> [Your assignment] Starting at the line that contains "Flash TTL Godox" and ending at the line that contains "Sebragardin mørkegrå 125x100", the lines below are to be given again exactly, with nothing added.

> [Provided entries]
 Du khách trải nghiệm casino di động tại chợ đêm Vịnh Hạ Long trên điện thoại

* * *

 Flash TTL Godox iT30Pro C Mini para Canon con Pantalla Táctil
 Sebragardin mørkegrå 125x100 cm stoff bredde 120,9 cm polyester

==

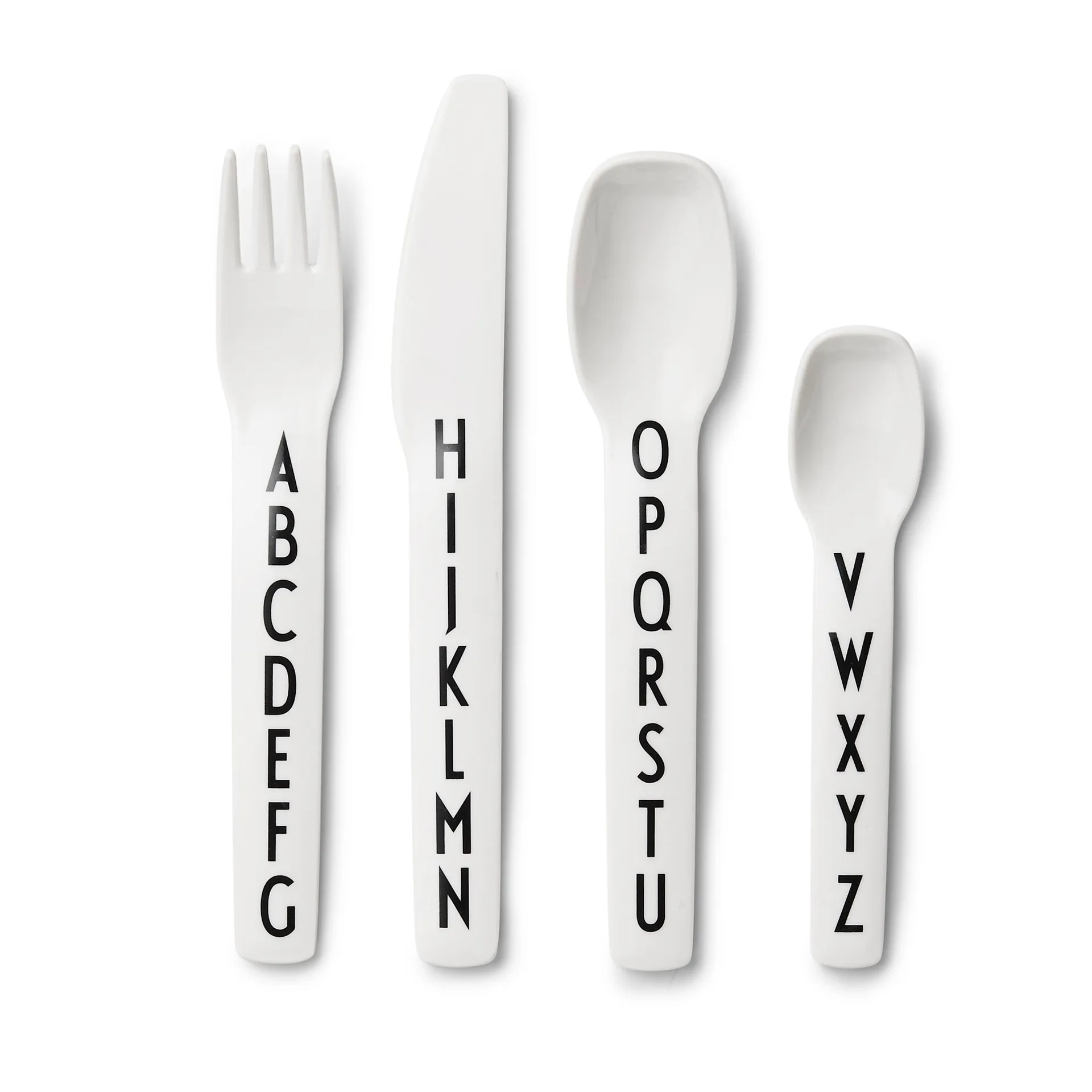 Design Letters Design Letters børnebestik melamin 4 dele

> [Output for this task]
 Flash TTL Godox iT30Pro C Mini para Canon con Pantalla Táctil
 Sebragardin mørkegrå 125x100 cm stoff bredde 120,9 cm polyester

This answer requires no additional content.